Prima o poi arriva il giorno in cui ti rendi conto che hai messo assieme una mole esagerata di pezzi tra vinili e cd. Accatastati uno accanto (o sopra) l’altro. E la tua compagna o compagno ti sopporta ma fino a un certo punto, perché la cazziata è nell’aria e prima o poi si materializzerà come il Matteo a panino al TG di turno. Magari proprio quando torni a casa felice di aver cattato il disco numero 5000, che è un bel traguardo, inutile negarlo, e vorresti festeggiare come un bimbo pronto ad andare a una gita. Ma vai a spiegarglielo a una/o che non vede l’ora di cazziarti, peraltro per futili motivi. Ecco, hai una caterva di materiale prezioso, e ogni tanto li rivedi quei padelloni, assieme ai meno attraenti dischetti in metallo. Li abbracci orgoglioso, qualcuno riesci pure a portartelo a letto, poi, all’improvviso, ti spunta tra capo e collo il disco dei Lincoln e dici: ma chi diavolo sono questi? Ah, sì, son quelli di “Basketball”! E il discorso prende un’altra piega. All’improvviso ricordi quei giorni di fina anni ’90, quando la band newyorkese era lì, nel mezzo della giungla dell’indie rock. A sgomitare, a provare a farsi largo. Fatica inutile, nonostante le buone intenzioni.

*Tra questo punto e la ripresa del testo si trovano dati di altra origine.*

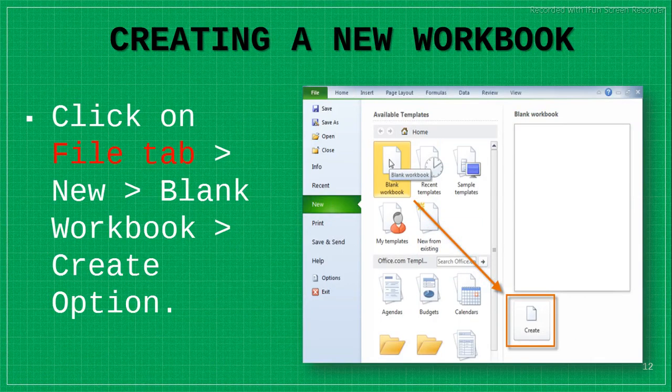Welcome back to your ICT class. Today we have a new topic in the same chapter: MS Excel. To create a new worksheet, you click on the File tab, click on the New option, then click on Blank Workbook, then click on Create.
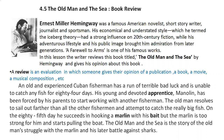The Old Man and the Sea is a book written by Ernest Miller Hemingway. Hemingway was a famous American novelist, a short story writer, a journalist and a sportsman. His economical and understated style — understated style means a very simple style, not using a very grand manner of writing — was termed as the Iceberg Theory. He had a strong influence on 20th century fiction, while his adventurous lifestyle and his public image brought him admiration from all the later generations.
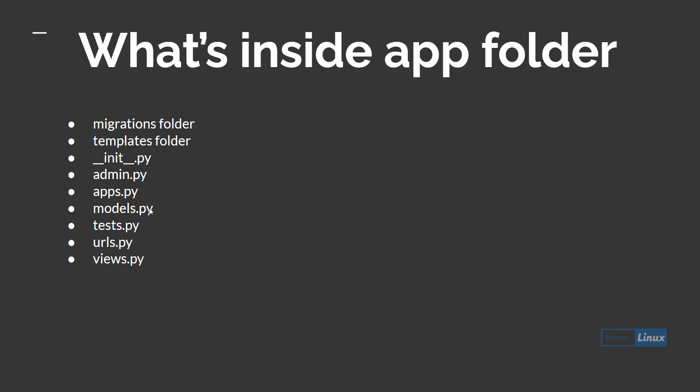test.py is where you write your test cases and try to check if all the features you're creating are working the way you intended them to work.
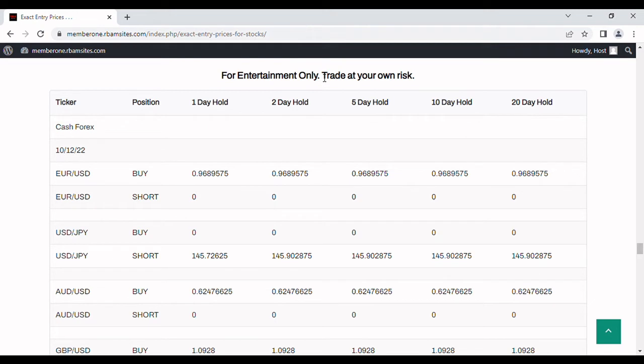These are for entertainment purposes only. Can't use them for anything other than entertainment. You should do your own analysis and you definitely trade at your own risk.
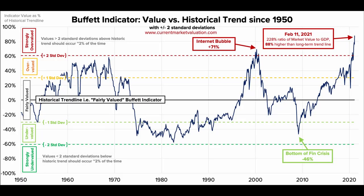This is a popular and trending chart that people refer to when discussing the Buffett indicator. The chart indicates that we are in strongly overvalued territory — higher than what it was during the internet bubble.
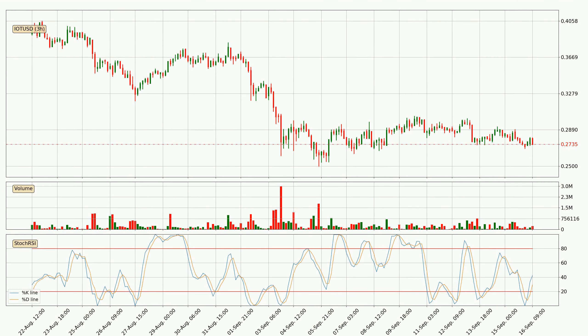Moving to the three-hourly Stochastic RSI, there are no signs of the Stochastic RSI being oversold or overbought at this time, but because the %K line is over the %D line, we can deduce that the trend is currently on the up.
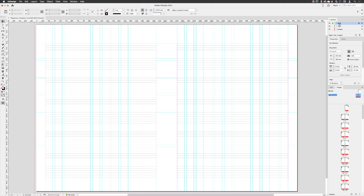But what this will give you is the opportunity to stop agonizing over whether things are the same size from one page to another. As long as you utilize this grid, you're being consistent. You're working to the same plan from one page to another. And far from being a burden, it should actually save you a great deal of time.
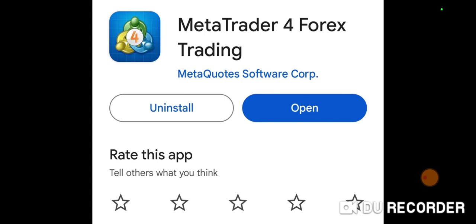Start looking at videos on YouTube and start learning about Forex. Forex is short for foreign exchange — you're trading currency, not stocks. You're trading money, and that's what it's all about.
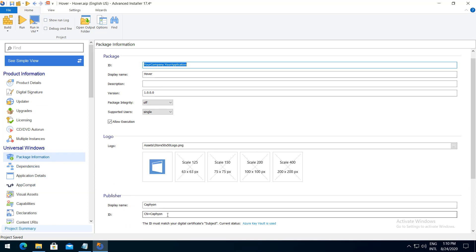On the package information page under publisher, make sure you have the correct ID.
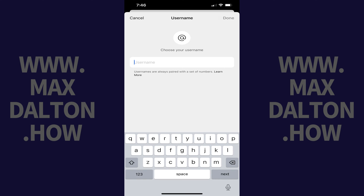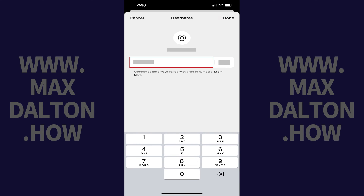Step 4. Enter the username you want to be associated with your Signal account. As you start typing you'll see two sections — one section where you can enter your username, and another where you can enter a set of numbers. This combination of the username and numbers that you enter will comprise your full username.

“Basketball” è una delle poche canzoni scritte dai Lincoln, quinta traccia del loro album (intitolato, con poca fantasia, con la loro stessa ragione sociale), uscito nel 1997. È un periodo strano, il grunge è deceduto e neanche il brit pop sta troppo bene. La band di New York, capitanata da Chris Temple, gioca le proprie carte affidandosi a un pulito e apprezzabile pop chitarroso. Niente di particolarmente innovativo, ma siamo pur sempre nel dignitoso. “Basketball”, appunto. Una canzone contro la noia. Che la combatte, la mette KO. Con l’aiuto di una palla a spicchi.

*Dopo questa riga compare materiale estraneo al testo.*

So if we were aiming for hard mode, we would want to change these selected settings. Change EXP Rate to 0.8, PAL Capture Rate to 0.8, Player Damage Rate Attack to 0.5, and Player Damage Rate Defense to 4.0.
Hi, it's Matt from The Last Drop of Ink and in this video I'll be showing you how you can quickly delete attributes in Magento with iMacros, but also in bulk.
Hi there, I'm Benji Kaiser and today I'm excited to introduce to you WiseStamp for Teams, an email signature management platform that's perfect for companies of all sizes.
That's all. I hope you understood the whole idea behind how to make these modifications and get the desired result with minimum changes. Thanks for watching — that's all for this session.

In effetti, il canovaccio del brano prende vita da tre ragazze che non sanno come passare la giornata. E tra un “che barba, che noia” e l’altro, si ritrovano nelle vicinanze di un campetto da basket, con le gonne di plaid e le calze al ginocchio. Roba che nemmeno nei film porno. Intanto una pensa ai tempi di quando se la spassava in quel di Newport (probabilmente con tutt’altro look), un’altra guarda con la fissità tipica dell’ottusa la metà campo, mentre l’ultima, la più energica dell’allegro trio, si sfruculia la pettinatura passandosi le dita tra i capelli. Il destino vuole che, da lì a poco, arrivino alcuni ragazzi afroamericani. E che la vita delle tre sbarbine cambi all’improvviso. Un momento epifanico, che si concretizza quando gli eredi degli schiavi sbarcati nel nuovo mondo a raccogliere cotone danno vita a una partita di pallacanestro. È spettacolo puro sin dalla palla a due, con tiri da tre punti, canestri incredibili e qualche fallo cattivo che fa sempre la sua porca figura. E le ragazze? “Stanno guardando ragazzi neri che giocano a basket”. La loro vita (quella delle tre protagoniste, non quella dei giocatori) potrebbe anche fermarsi, tanto da desiderare che quella partita non finisse mai, che quegli istanti diventassero eterni e il loro ricordo si cristallizzasse. Possiamo solo immaginare cosa sarebbe potuto accadere dopo quella partita: i Lincoln non daranno seguito né alla canzone, lasciandoci alla mercé di tanti interrogativi, né alla loro effimera carriera: il disco che contiene “Basketball” sarà il loro unico biglietto di un viaggio di sola andata. E a quelle tre ragazze, purtroppo, non verrà mai dato un futuro. Anche se loro, con ogni probabilità, avrebbero desiderato rimanere per sempre in quel campetto a guardare in ragazzi neri giocare a basket. Come in uno spensierato loop.